The I.R.S. argues that the current procedural rules allow its appeal to go forward here at the same time the debtor's appeal on damages proceeds before the district court. The I.R.S. concedes that its position "does not serve judicial economy and probably calls for statutory amendment." Appellant's Brief p. 3. The I.R.S. cites no case law to support its argument that a liability appeal can proceed on a different track, in a different court, from a damages award arising from the same final judgment. Even if there were some circumstances under which liability could be appealed independently from a cross-appeal on damages, no such circumstances exist in this case and such bifurcation, by the I.R.S.'s own admission, is without merit. In the interests of conserving judicial resources and to ease administration, the appeal and cross-appeal should travel together through the appellate system.

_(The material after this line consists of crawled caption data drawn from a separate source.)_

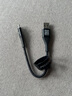 品胜usb转typec数据线适用苹果iPhone16/15Pro手机充电线短款充电宝短线15plus连接电脑传输数据刷机 USB转Type-C数据线0.2米黑色 实拍图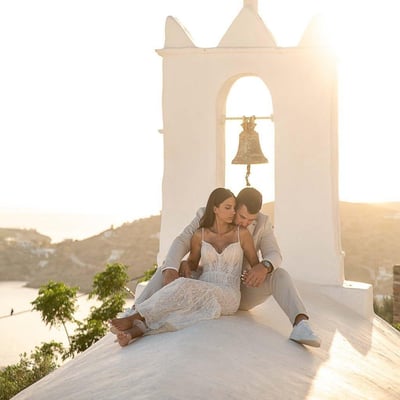 Wedding in Santorini Greece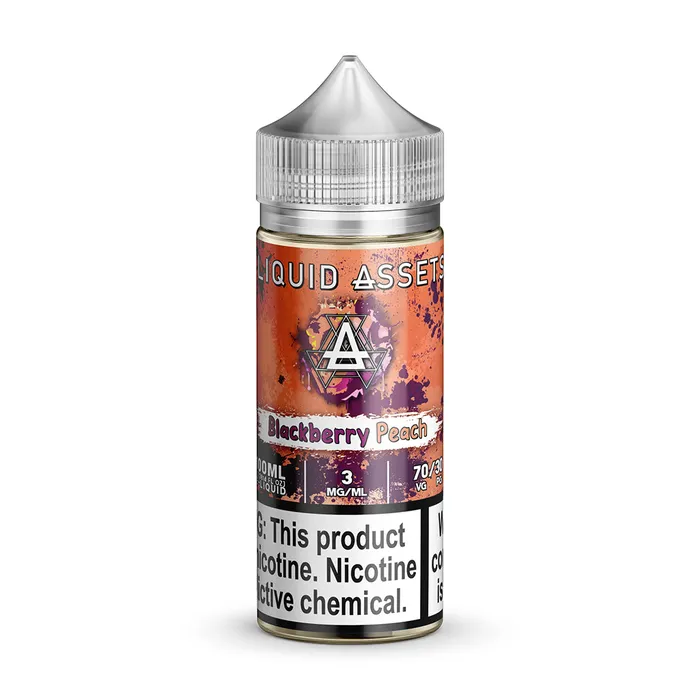 LIQUID ASSETS Female Sex Toys Liquid Assets Blackberry Peach 100ml EJuice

For the reasons set forth, we transfer the appeal, cross-appeal and pending motion to dismiss to the United States District Court for the District of Massachusetts.
1. The appeal was filed by the Tax Division of the U.S. Dept. of Justice on behalf of the Internal Revenue Service ("I.R.S.").

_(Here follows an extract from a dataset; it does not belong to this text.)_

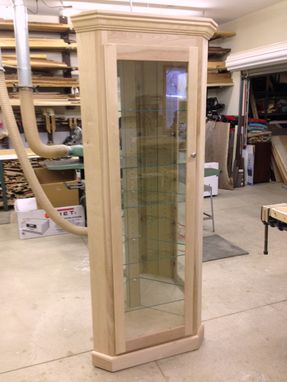 Custom Made Hardwood Curio Cabinet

2. Shadduck v. Rodolakis, 221 B.R. 573 (D.Mass. 1998)("Shadduck I").
3. Herein referred to as "Shadduck II."
4. A copy of the docket is incorporated as Exhibit A of the I.R.S.'s appendix.
5. Fed.R.Bankr.P. 8001(e) provides, in relevant part, as follows: "[A]n election to have an appeal heard by the district court under 28 U.S.C. § 158(c)(1) may be made only by a statement of election contained in a separate writing filed within the time prescribed by 28 U.S.C.§ 158(c)(1)."
28 U.S.C. § 158(c)(1) provides as follows:
Subject to subsection (b), each appeal under subsection (a) shall be heard by a 3-judge panel of the bankruptcy appellate service established under subsection (b)(1) unless-
(A) the appellant elects at the time of filing the appeal; or
(B) any other party elects, not later than 30 days after service of notice of the appeal;to have such appeal heard by the district court.